True to the book’s subtitle, in Work Matters, author Paul Stevens (2011) provides the reader with a biblical perspective on labor. Stevens surveys the major sections of the Bible (Pentateuch, historical books, wisdom books, prophets, and New Testament) and draws out the theology of work presented by the numerous stories and characters. With 26 short chapters of 3-4 pages each, the depth of insight and exegesis is not lost in its brevity. Writing in his mid-seventies, the author is drawing from his wealth of experience, research, lectures and authorship. As Stevens describes his work, the “book is an approach to a comprehensive biblical theology of work,” also sometimes called “a kingdom perspective on work” (2011, pp. 7,8)

The quick synopsis of each Bible section, book and character viewed through the lens of labor is like a gem to treasure. For those who teach and preach, the hundred pages provide enough sparks to kindle a hundred sermons and lectures. As a pastor, I thoroughly enjoyed working my way through each chapter as the biblical stories and characters came alive again, watching them at work. Whether it is Adam or Eve, Jacob or Joseph, Esther or Ezekiel, the Professor (of Ecclesiastes) or Paul, Job or John (of Revelation), each of them shine a new light on the biblical understanding of work. Work is pure, since God created mankind to work the garden and steward the earth before the fall of sin. Work is purposeful, because all good work leaves its marks in heaven to be redeemed for eternity. Work done in faith, hope and love will find its way into the new heaven and earth, to be continued as worship of the God who works.

As a pastor, I also found myself challenged. Not only as I wrestled with some of the theological perspectives new or contrary to mine, but also as I thought of my church members employed in a wide variety of work that takes up the majority of their waking hours and lifetime. The stories and characters, commandments and principles, and parables and teachings found in Scripture have a lot more to say about their work than what I have ever made preached, taught or shared with them. The questions with which Stevens raises in the epilog are certainly pertinent to my context: “whether ‘good’ work can be done badly and whether not-so-good work can be done with good motives and for the benefit of others”; “how one performs good work in an unjust system”; and “how we are to work in the real world—in Cain’s world, in the city that he built” (Stevens, 2011, pp. 107-108). The answer to these questions is three closing statements which I want to quote here fully because of their profundity:

First, we work in faith—that is, in fellowship with God, like Abel and many of the leading figures, whose work life we have examined. We work for God. We work knowing that far from being a hindrance to spiritual growth, work provides a context for soul growth.

Second, we work in love, in fellowship and interdependence with co-workers, building community in every way we can. Our work is a practical way of loving our neighbors, near and far, as well as providing for our family and loved ones close to home.

Third, we work in hope, engaging the powers that frustrate God’s life-giving kingdom on earth, and being persuaded that some of our work will ast and contribute to the New Heaven and New Earth. (Stevens, 2011, p. 108, italics original)
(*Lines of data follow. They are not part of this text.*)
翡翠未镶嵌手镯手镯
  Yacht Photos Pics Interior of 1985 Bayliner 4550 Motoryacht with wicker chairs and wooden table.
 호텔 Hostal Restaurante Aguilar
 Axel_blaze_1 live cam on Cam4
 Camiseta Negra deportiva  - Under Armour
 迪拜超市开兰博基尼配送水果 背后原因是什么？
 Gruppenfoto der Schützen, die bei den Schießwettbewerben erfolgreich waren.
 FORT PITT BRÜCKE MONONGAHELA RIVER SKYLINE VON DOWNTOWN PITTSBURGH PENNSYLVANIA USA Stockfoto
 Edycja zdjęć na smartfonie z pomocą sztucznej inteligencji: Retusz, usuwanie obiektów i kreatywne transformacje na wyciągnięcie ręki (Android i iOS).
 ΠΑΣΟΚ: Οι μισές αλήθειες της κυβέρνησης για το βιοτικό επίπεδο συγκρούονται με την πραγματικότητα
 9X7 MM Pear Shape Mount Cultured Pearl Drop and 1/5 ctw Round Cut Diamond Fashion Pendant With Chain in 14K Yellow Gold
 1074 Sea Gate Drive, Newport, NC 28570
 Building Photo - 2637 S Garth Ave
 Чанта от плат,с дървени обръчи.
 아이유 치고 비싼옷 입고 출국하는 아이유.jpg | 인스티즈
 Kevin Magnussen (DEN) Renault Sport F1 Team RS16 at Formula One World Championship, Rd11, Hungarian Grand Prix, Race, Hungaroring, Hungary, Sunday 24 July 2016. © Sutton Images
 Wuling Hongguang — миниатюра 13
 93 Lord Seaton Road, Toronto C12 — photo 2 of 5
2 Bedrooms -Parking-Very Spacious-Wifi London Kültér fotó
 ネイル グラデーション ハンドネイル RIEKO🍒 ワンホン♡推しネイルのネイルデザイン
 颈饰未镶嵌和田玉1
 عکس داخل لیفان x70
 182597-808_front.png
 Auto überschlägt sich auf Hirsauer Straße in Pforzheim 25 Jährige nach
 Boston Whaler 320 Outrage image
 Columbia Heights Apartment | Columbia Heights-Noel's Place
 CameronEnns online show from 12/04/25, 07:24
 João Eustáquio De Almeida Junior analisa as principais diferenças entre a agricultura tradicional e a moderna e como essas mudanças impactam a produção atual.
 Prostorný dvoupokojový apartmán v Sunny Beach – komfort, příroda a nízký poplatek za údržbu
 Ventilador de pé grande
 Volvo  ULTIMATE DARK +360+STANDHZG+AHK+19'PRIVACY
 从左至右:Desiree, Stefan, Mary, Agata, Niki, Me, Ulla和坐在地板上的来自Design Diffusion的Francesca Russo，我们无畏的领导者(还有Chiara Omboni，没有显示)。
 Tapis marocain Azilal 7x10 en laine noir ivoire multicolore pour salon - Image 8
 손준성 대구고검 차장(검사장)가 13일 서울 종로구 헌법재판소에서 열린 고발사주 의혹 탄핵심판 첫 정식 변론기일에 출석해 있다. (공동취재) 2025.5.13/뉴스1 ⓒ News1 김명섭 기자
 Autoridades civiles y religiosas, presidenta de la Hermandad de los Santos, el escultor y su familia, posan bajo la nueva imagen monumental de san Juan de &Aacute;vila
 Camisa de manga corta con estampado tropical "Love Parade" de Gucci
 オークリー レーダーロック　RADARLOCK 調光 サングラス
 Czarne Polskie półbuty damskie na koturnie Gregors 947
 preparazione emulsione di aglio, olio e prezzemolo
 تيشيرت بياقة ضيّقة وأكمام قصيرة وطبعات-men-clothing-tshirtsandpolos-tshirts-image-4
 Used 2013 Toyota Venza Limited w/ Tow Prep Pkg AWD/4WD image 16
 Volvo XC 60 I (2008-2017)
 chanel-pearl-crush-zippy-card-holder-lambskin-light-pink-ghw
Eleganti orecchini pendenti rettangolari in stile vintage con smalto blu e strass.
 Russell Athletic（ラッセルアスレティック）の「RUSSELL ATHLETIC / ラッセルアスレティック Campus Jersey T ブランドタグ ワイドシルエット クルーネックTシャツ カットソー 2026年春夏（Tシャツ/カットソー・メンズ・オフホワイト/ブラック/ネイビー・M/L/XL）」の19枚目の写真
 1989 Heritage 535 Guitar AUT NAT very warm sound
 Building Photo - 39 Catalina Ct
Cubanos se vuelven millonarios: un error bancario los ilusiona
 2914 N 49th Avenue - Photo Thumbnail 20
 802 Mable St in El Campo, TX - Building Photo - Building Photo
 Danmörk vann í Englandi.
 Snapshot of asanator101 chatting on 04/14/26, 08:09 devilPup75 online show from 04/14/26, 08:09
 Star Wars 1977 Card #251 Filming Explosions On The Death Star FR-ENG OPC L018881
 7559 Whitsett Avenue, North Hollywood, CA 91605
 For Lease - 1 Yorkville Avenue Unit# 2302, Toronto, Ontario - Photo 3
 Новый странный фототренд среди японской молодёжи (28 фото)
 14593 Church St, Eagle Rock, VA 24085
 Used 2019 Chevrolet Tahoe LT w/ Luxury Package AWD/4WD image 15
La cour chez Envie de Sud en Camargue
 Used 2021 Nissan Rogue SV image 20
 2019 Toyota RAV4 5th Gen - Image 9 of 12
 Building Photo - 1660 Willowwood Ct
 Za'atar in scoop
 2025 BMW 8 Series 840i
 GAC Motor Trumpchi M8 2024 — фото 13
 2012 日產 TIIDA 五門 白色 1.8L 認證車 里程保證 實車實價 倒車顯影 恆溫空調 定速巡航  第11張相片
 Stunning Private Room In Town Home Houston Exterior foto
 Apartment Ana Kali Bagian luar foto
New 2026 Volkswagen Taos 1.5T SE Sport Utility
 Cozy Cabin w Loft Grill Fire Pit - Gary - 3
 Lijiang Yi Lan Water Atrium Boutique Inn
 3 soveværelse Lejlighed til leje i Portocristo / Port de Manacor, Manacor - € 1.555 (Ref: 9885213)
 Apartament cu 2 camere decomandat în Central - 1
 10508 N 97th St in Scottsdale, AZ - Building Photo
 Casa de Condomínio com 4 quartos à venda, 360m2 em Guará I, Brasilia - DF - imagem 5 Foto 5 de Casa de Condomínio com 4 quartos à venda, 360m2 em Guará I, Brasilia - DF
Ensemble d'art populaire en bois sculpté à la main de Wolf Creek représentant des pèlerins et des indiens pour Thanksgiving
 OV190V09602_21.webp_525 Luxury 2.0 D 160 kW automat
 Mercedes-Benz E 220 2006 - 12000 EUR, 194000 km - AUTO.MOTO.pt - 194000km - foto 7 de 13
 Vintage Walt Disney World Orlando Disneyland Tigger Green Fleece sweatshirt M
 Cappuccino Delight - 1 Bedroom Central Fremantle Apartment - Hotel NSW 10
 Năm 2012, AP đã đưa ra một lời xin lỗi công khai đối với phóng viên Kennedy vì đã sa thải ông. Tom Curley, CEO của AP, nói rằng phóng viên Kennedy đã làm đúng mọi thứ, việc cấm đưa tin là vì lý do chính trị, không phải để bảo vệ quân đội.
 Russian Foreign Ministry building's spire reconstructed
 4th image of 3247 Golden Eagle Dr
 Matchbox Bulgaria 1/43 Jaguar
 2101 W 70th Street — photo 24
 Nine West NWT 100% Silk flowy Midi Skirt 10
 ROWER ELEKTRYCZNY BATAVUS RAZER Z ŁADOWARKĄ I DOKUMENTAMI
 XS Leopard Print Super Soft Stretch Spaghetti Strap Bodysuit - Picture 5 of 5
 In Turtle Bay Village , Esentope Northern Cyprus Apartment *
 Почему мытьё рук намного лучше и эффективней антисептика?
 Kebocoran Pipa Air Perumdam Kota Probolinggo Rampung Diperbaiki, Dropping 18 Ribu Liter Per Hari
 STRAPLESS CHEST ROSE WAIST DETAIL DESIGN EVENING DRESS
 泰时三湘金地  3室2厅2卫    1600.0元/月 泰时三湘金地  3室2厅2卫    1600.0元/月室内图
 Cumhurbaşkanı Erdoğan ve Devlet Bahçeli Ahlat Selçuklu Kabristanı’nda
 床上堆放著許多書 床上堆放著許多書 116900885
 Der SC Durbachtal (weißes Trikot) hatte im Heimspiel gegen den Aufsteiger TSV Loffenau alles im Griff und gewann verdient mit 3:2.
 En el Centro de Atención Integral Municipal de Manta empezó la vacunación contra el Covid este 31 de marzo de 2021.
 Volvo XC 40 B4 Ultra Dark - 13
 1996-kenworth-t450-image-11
This book has wet my appetite to sink my teeth into the design of an upcoming sermon series related to work. Following Stevens’ example, it would be much simpler to do a series of character studies of the leading figures from Genesis to Revelation. The stories bring the theology to life and help people to connect personally with the biblical characters. Whether or not I will follow this framework or another, Stevens’ short book is a great resource to draw from.

By Jacob Bloemberg

Stevens, R. P. (2011). Work matters : a biblical perspective on labor: Wm. B. Eerdmans.